Gone is like a cross between the TV show Under the Dome and the TV show The 100. It’s about teenagers, all under the age of 15, being alone under a domed force field of a sort. It starts off with Sam Temple, the main character being in class when all of a sudden the teacher disappears, along with anyone that was 15 or older all over the town. The students at school don’t notice at first but they all begin to step out of classrooms and notice that things just aren’t what they’re supposed to be. Pretty soon Sam and his friends notice that it wasn’t just some random occurrence in the classroom and that everyone was gone.

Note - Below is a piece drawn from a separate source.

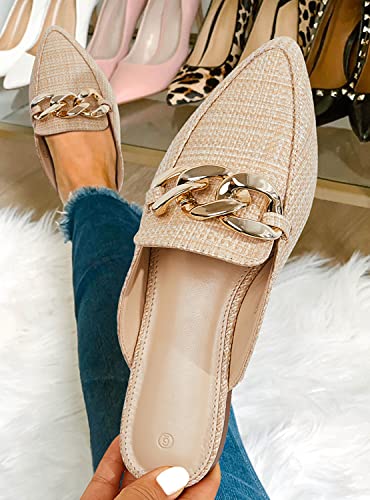 Image of Juliet Holy Womens Mules Flats Pointed Toe Backless Loafers Slip on Metal Chain Slides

Just the fact that everyone over certain age had disappeared had hooked me in the story. But then Sam’s best friend, Quinn Gaither, was introduced and I wanted to gouge my eyes out and I ended up yelling a couple of times at the book. Quinn was decidedly one of my least favorite characters in the first hundred pages of the book. He’s a huge jerk and is totally unapologetic about it and he just grated on my nerves so bad. Then there was the introduction of Astrid Ellison, whom Sam is in love with. Astrid, for me was both an awesome character but also kinda iffy. She reminded me a lot of me with her responsibility of being an older sibling and having that one shameful moment of ‘I wish he was dead’ towards her autistic brother. I completely understood her feelings and I didn’t even think twice about it when the same thought popped up into my head. Now I don’t want anyone to think that I’m a callous person but being the oldest of five siblings has taught me a lot about responsibility and how the adults always have this weird expectations about being an example as an older sibling and how you’re expected to help raise this other person as well. I never enjoyed being a ‘second mom’ to my siblings and I’m pretty sure neither did Astrid but she had to stick by her guns and try anyway because her brother was the only family she had left.

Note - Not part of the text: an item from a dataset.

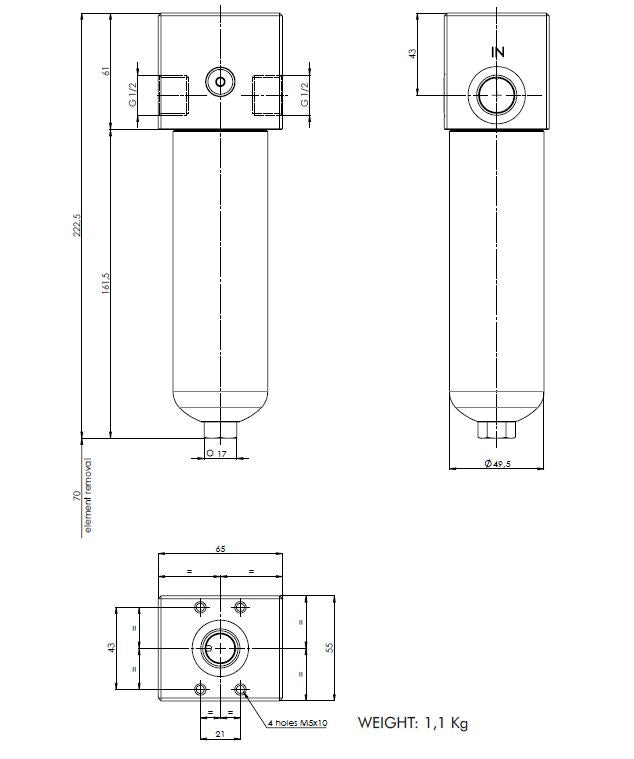 FH250D108000BBB3DS000A0 in-line filter housing (pressure line)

As if it wasn’t bad enough that there are so many awesome characters all of a sudden the plot picks up. Sam confesses that he might have some weird power that produces light (and burn) and when that’s figured out all I could think about is how awesome it would be if Sam was an alien space baby.

Then the antagonists come to town, the kids from the prestigious Coates Academy, where Sam’s mother worked before every adult disappeared. I wasn’t a big fan of the confrontation, but that’s mostly because I’m not a fan of any kind of confrontation, but just having these kids roam around a town doing nothing would have made for a pretty boring book. The antagonist, Caine Soren, (and that should be a clue that he was going to be evil), drives into town and basically proclaims himself the new leader of the town. Astrid and Sam are suspicious of him from the getgo and it’s probably because they dislike smarmy people that are obviously manipulative.

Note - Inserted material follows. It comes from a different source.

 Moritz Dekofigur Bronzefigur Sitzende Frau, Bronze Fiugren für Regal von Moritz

It turns out that Caine knows about the powers that some of the kids from the town have (and proclaims himself the strongest mutant of the town) and hatches a plan to kidnap Sam and Astrid. He also discovers something even more awesome than the fact that people have powers and it has to deal with Sam and it was such a plot twist that I yelled a couple of times.

This book is an easy read and straightforward. I’d recommend it to anyone who is into scifi and fantasy or anyone who ever wished to have some kind of mutant power one day (alas, my desire to have Jubilee’s powers from X-Men shall remain a dream). I would rate this book a 3.5/5 (because I hated so many characters and they made so many stupid decisions and because I wasn’t very receptive to the book cover). I will more than likely pick up the next book soon and continue with the series at a later date.